Almost a million children orphaned by Aids in the Congo 21/6/01

ROBIN DENSELOW:
The Luvangadio family live in a tiny brick shack in the Congolese capital, Kinshasa. The children don't go to school. They haven't the money, and spend their days playing in the dirt yard. Their father, a taxi driver, died of AIDS five years ago. And now their mother Antoinette is dying. She lies on the bare concrete floor. Unlike many AIDS sufferers, she does have some help, a visit twice a week from Charlotte Fatou, a nurse with the local charity Amo Congo. Antoinette complains her ribs are painful after so much time on the floor. Charlotte says she will try to find a mattress. But it's hard to protect your possessions when your front door is a flimsy curtain. Six children also share this tiny room. Charlotte tells the eldest of the children that she ought to be learning dress-making. The family desperately need money. It's difficult for the children because their mother can't work, and she is the one who looks after her children's future. She is completely weakened. There is no way she can earn money.

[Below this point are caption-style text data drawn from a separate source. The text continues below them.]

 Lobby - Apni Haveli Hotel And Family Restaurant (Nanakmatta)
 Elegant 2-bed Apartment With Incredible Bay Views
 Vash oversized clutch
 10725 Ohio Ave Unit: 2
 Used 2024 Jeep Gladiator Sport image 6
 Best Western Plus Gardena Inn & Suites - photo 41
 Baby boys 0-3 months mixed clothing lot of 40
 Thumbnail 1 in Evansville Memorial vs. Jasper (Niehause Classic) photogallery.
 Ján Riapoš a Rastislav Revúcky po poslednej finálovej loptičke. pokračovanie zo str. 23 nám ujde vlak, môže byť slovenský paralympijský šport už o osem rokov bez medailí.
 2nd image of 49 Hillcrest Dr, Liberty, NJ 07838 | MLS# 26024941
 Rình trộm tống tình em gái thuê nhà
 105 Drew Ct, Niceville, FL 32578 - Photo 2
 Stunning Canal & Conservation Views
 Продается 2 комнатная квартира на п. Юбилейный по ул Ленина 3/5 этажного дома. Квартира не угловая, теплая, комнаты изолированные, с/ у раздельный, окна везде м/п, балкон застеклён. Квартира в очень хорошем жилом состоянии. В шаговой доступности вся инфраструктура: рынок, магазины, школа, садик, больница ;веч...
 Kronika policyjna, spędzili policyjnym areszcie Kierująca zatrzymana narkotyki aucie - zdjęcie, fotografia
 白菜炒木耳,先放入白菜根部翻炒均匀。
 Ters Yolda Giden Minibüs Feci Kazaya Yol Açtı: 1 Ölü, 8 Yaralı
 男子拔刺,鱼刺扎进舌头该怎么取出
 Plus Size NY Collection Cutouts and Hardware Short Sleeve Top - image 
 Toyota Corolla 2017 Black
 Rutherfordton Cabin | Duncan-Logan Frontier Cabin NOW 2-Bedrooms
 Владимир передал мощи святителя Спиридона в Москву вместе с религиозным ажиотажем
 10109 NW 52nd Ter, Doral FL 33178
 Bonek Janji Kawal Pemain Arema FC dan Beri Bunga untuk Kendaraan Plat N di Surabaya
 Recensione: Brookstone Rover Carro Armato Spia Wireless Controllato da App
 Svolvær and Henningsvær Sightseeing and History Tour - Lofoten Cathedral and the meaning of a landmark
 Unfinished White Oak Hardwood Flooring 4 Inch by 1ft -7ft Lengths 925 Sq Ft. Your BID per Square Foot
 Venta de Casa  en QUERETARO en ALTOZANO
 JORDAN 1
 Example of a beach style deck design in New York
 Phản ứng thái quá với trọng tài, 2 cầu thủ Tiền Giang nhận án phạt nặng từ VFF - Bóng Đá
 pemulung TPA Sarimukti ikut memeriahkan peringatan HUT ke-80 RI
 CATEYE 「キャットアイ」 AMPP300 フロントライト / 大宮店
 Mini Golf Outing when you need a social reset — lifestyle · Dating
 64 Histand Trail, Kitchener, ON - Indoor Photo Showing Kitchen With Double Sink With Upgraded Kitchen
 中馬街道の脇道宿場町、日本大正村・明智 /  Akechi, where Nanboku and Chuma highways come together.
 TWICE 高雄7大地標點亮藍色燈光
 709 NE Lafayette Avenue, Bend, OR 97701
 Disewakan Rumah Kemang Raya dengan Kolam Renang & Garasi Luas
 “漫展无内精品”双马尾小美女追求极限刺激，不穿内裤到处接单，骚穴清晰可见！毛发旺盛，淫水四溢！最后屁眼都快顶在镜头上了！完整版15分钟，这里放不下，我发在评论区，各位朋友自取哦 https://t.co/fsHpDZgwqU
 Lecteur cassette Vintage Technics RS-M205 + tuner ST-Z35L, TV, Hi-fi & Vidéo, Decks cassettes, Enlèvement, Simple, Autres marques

CHARLOTTE FATOU (TRANSLATION):
It's difficult for the children because as you can see the mother can't work and she is the one who looks after the children's future. She is completely weakened, there is no way she can earn any money.

DENSELOW:
Tragedies like this are repeated, constantly, right across Africa, on a scale that's almost inconceivable. Over 25 million people are living with HIV/AIDS in sub-Saharan Africa. As families are destroyed, 12 million children have been orphaned. Here in the Congo the problem is made worse by the continuing war and an almost complete absence of government help. It's left to women like Charlotte Fatou to spend her days visiting those dying of AIDS. Her next call is Jacqueline Bowu, whose husband died of the disease four years ago. She's worried not just by her illness, but by the poverty it has brought her. Until now she has survived thanks to one of her ten children, a daughter who is a market trader. Now she's been jailed for handling stolen goods and there's no money coming in.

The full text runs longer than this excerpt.